La Cina scommette sui cervelli

Una volta fuggivano. Oggi ritornano. Sempre più numerosi. La Cina lancia la sua sfida al mondo puntando su un mix "immateriale" fatto di conoscenze, studio, esperienze maturate in altri continenti. Scommette insomma sui cervelli. Sui talenti. Due dati, forniti dal Center for China and Globalization, catturano l'inversione di una tendenza epocale. La Cina ha spedito nel mondo, dal 1978 ad oggi, oltre un milione e mezzo di studenti. Quasi 500mila sono rientrati in patria.
Come scrive Asia Sentinel «la fuga di cervelli che ha alimentato per decenni l'economia degli Stati Uniti, fornendo immigrati qualificati, è ora al capolinea». Sono i due i fattori che hanno fermato l'emorragia. Le politiche di immigrazione sempre più severe sulle quali si sono orientati gli Stati Uniti dopo l'Undici settembre e la crisi economica che ha attanagliato le economie di mezzo mondo nel biennio 2008-2009. Le autorità di Pechino sanno che la partita è complessa e incrocia temi fondamentali come le dinamiche demografiche (leggi l'invecchiamento della popolazione) ma anche il radicale cambiamento di modello finora imperante nello sviluppo cinese (da fabbrica del mondo a economia incentrata sull'innovazione). Al Dragone non basta contare sul ritorno della diaspora. Pechino ha messo a punto un «piano nazionale di sviluppo dei talenti» destinato ad attrarre e mantenere persone altamente qualificate nei settori strategici dell'economia. Come si legge su un rapporto del Brookings Institution, la Cina punta ad avere 185 milioni (dagli attuali 114) di lavoratori altamente qualificati entro il 2020. Un obiettivo "sposato" dallo stesso presidente cinese Hu Jintao per il quale «il talento è la risorsa più importante per lo sviluppo del partito e del Paese».
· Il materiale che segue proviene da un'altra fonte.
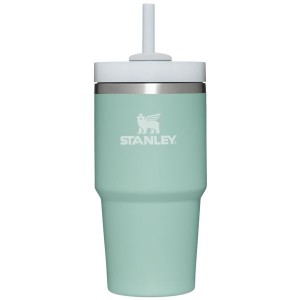 Stanley The Quencher H2.0 FlowState™ Tumbler 20 OZ Green | USA-VQC045938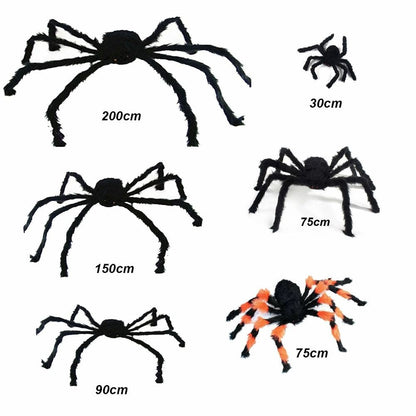 [product_title] | KKPW Australia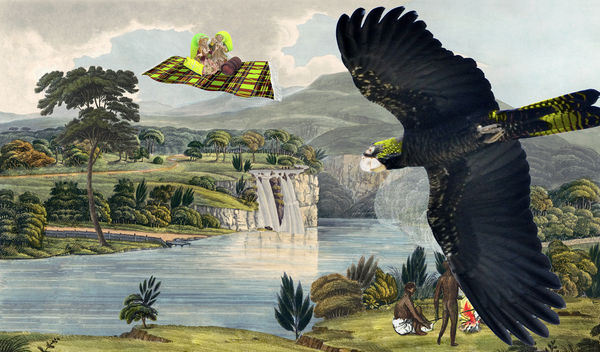 BBQ this Sunday BYO, Joan Ross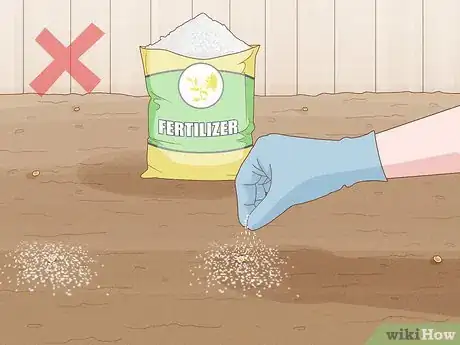 Image titled Sow Yellow Rattle Step 8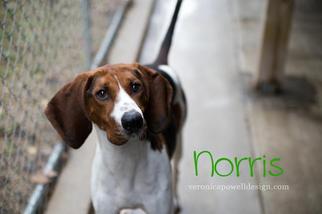 English Foxhound Dogs for adoption in Kendallville, IN, USA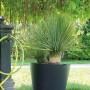 Anthrazitfarbener Deroma Pflanztopf Origin Plant Pot (58 cm) mit Pflanze im Garten.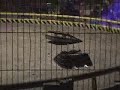 Mute Vs Dantomkia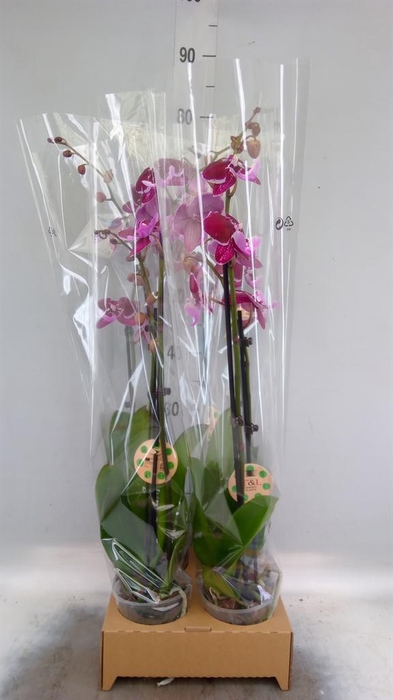 <h4>Phalaenopsis   ...</h4>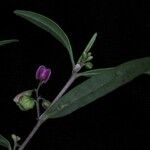 Polygala persicariifolia Hábitos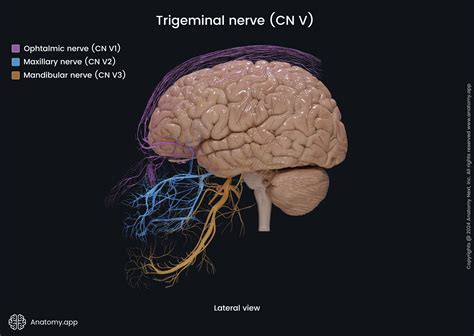 Maxillary Nerve Branches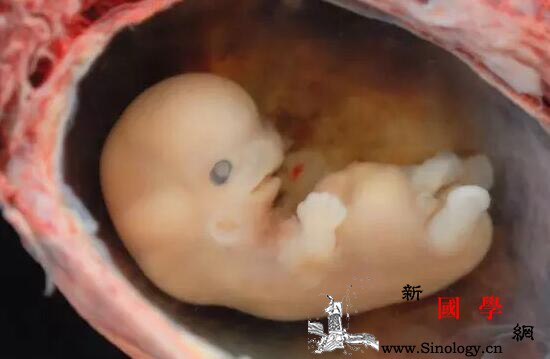 一位胚胎停育妈妈的自白书_超声-术后-妊娠-患者-
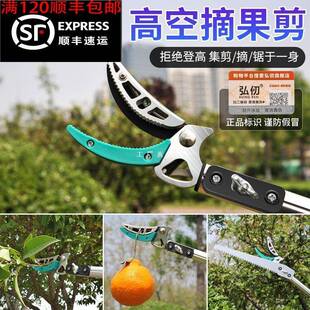 摘果神器荔枝龙眼枇杷树枝剪伸缩杆高空剪加长香椿高枝剪采摘修枝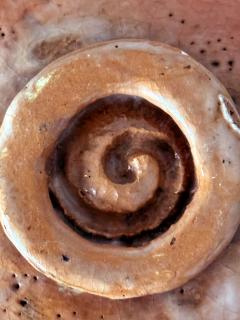 Tannyu Raku Japanese Painted Chawan Tea Bowl by Tannyu 10th Raku Edo Period - 4550424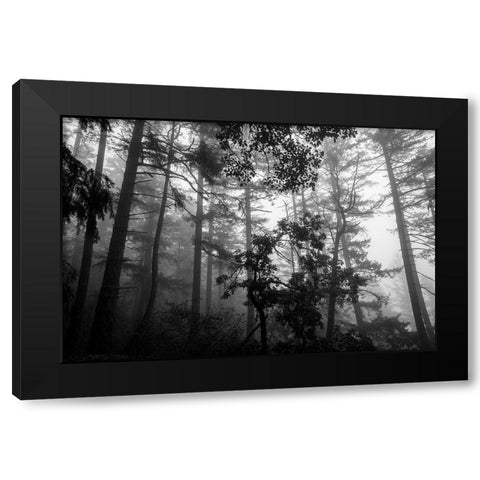 Misty Forest Black Modern Wood Framed Art Print with Double Matting by Oldford, Tim
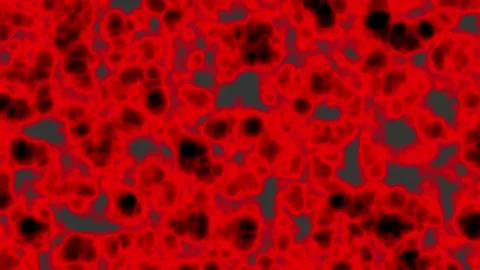 Deep tissue in the human body or living creatures that looks very complicated Stock Footage 300188153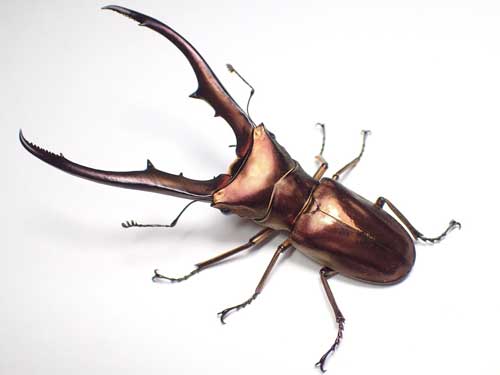 クワガタ 羽化の瞬間 アゴ 折れ曲がる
Un balzo reso necessario dallo stesso invecchiamento della popolazione cinese. Costretta a fronteggiare in futuro una diminuzione di manodopera a basso costo. Un dato su tutti: gli over 60 sono oggi il 13,26 per centro della popolazione (+2,93 rispetto al 2000). Il ritorno dei talenti è un tassello della "nuova" Cina. Di un Paese la cui crescita sta sconvolgendo vecchi e consolidati equilibri. Ingrediente fondamentale è proprio la grande importanza accordata alla ricerca. Un recente studio dell'Accademia nazionale della scienza inglese, la Royal Society, ha "catturato" il terremoto che sta investendo la geografia della ricerca scientifica mondiale. Entro il 2013 la Cina supererà gli Usa per produzione scientifica. Gli Stati Uniti sono ancora leader mondiali con una spesa in ricerca (pubblica e privata) che si aggira sui 400 miliardi di dollari all'anno. Ma il primato a stelle e strisce vacilla. La spesa in ricerca e sviluppo cinese cresce del 25% all'anno, quella americana è diminuita del 4%. Nel 2009 la Cina ha investito nel settore 89 miliardi di dollari. Nel 2006 i soldi spesi  erano 34 miliardi: la cifra è quasi duplicata. Nel 2010 il Dragone ha lanciato il treno più veloce del mondo. Ha effettuato 15 missioni spaziali, tutte di successo. Entro il 2020 avrà la sua prima stazione spaziale.